After six years in Iraq, communications, at least, had improved dramatically:
“Though Iraqis will shout their opinions at you in the street and wave their hands like a crack-crazed aerobics teacher to make a point, it was hard to sort out what they said from what they meant from what they thought you wanted to hear. Add in a bad translator who reduced three minutes of rapid speech to ‘He disagrees but loves all Americans and Obama president’ and you often had no idea what was going on.”
Endless projects were developed for Iraqis at incredible expense, without involving or even meaningfully consulting Iraqis. Farmers who sold milk locally just fine were expected to send it to new processing plants. Same deal with chickens. None of these schemes panned out — except of course for the profiteers:
“There was no evidence of chicken killing as we walked past a line of refrigerated coolers. When we opened one fridge door, expecting to see chickens chilling, we found instead old buckets of paint. Our guide quickly noted that the plant had purchased twenty-five chickens that morning specifically to kill for us.”
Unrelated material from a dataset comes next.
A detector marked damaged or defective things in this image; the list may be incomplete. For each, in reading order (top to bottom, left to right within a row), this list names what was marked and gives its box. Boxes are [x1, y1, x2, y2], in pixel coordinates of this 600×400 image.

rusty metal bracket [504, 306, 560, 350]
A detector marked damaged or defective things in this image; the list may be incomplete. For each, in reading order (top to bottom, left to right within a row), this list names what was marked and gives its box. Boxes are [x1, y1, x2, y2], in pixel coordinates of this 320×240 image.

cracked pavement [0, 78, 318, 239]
Read that light bulb joke above again. The important part was the press release:
“It turns out most journalists are not as inquisitive as TV and movies would have you believe. Most are interested only in a story, not the story. Therefore, it was easy not to tell the journalist about the chicken plant problems. Instead, we had some chickens killed so the plant looked busy. We had lunch at the slaughter plant — fresh roasted chicken bought at the market.”
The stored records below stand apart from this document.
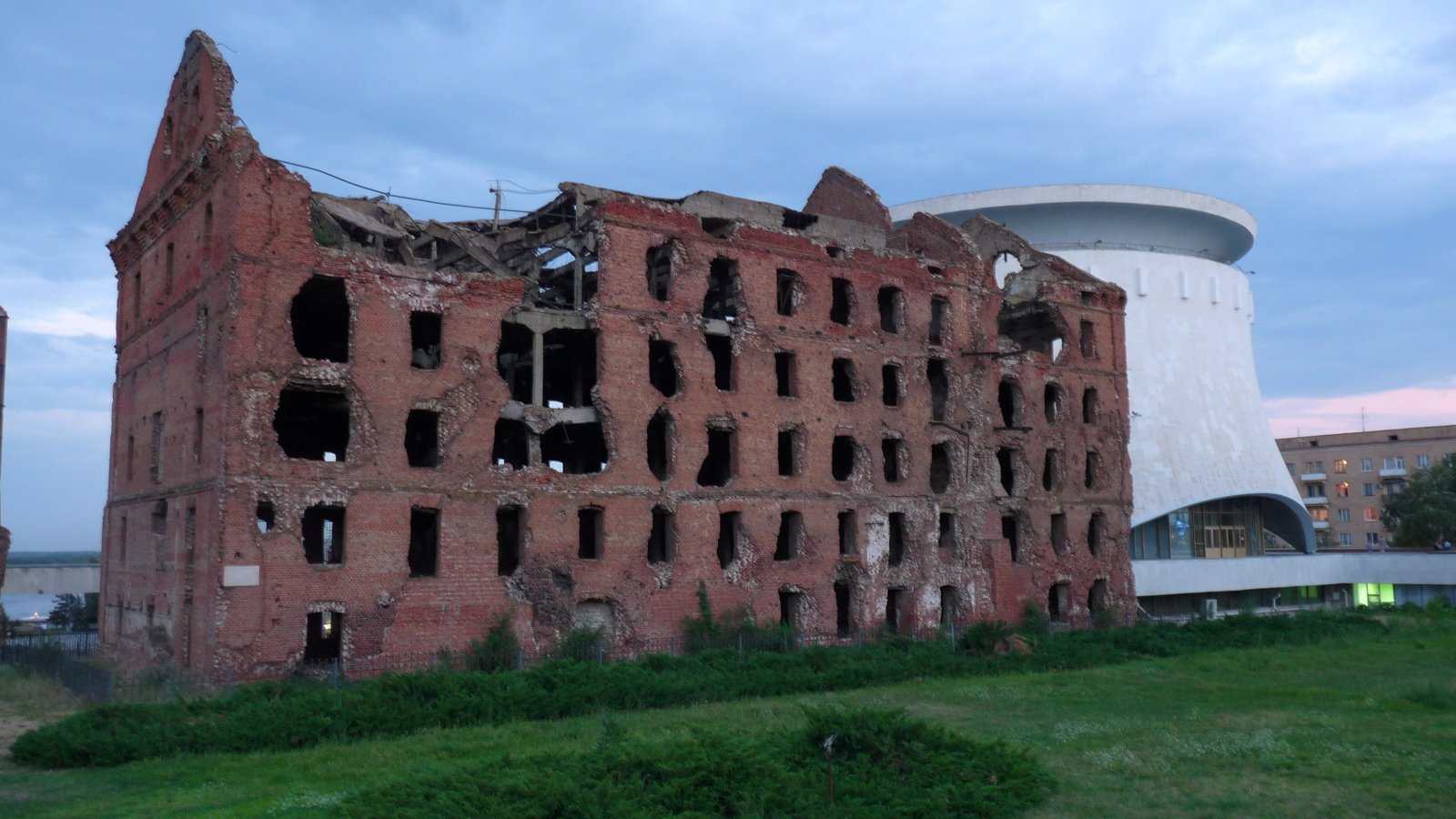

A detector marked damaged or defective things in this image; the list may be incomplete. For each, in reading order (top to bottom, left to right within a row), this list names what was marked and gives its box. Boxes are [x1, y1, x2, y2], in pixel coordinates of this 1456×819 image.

broken window opening [275, 384, 349, 460]
broken window opening [289, 275, 349, 361]
broken window opening [408, 310, 440, 369]
broken window opening [408, 408, 440, 466]
broken window opening [491, 420, 532, 466]
broken window opening [495, 320, 535, 399]
broken window opening [541, 323, 597, 401]
broken window opening [541, 420, 608, 471]
damaged brick facade [106, 32, 1136, 679]
broken window opening [646, 240, 672, 301]
broken window opening [649, 408, 670, 478]
broken window opening [649, 336, 681, 396]
broken window opening [695, 422, 739, 480]
broken window opening [702, 329, 733, 390]
broken window opening [699, 256, 739, 320]
broken window opening [774, 350, 797, 399]
broken window opening [780, 269, 804, 318]
broken window opening [780, 422, 804, 475]
broken window opening [833, 275, 850, 323]
broken window opening [833, 355, 850, 399]
broken window opening [833, 434, 850, 478]
broken window opening [874, 284, 896, 328]
broken window opening [879, 361, 903, 405]
broken window opening [879, 437, 903, 480]
broken window opening [925, 294, 949, 342]
broken window opening [925, 357, 949, 420]
broken window opening [932, 442, 955, 495]
broken window opening [1001, 379, 1025, 428]
broken window opening [1042, 381, 1066, 420]
broken window opening [256, 498, 275, 536]
broken window opening [301, 500, 346, 565]
broken window opening [498, 504, 527, 573]
broken window opening [573, 507, 602, 556]
broken window opening [649, 504, 675, 559]
broken window opening [716, 510, 739, 568]
broken window opening [774, 510, 809, 559]
broken window opening [838, 510, 855, 553]
broken window opening [879, 512, 903, 565]
broken window opening [1048, 510, 1071, 553]
broken window opening [302, 609, 342, 658] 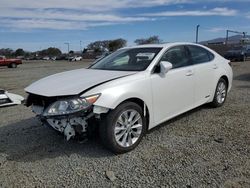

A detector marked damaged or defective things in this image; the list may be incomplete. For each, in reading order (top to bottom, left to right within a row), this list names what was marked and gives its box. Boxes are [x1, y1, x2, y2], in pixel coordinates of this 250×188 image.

crushed hood [25, 68, 135, 97]
damaged front end [26, 93, 106, 140]
cracked headlight [43, 94, 100, 116]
Then there’s the tale of how the Green Zone got green grass:
“Gardeners brought in tons of dirt and planted grass seed. A nearly endless amount of water was used, but despite clear orders to do so the grass would not grow. . . . The Ambassador would not admit defeat. He ordered sod be imported into Kuwait and then brought by armored convoy to the Embassy. No one confessed to what it cost to import, but estimates varied between two and five million dollars.”
There are 1,001 of these tales in “We Meant Well,” and eventually Van Buren reveals a two-step process required to handle them:
“Task one: Suspend disbelief, rewire your brain, accept [what] people at the Embassy who never stray outside the Green Zone tell you about Iraq. . . . Task Two: Convince yourself of the overall premise of U.S. efforts, that Iraqis want to be like us.”
I humbly offer a third step: if you expect to have any trouble with task one or task two, stay home.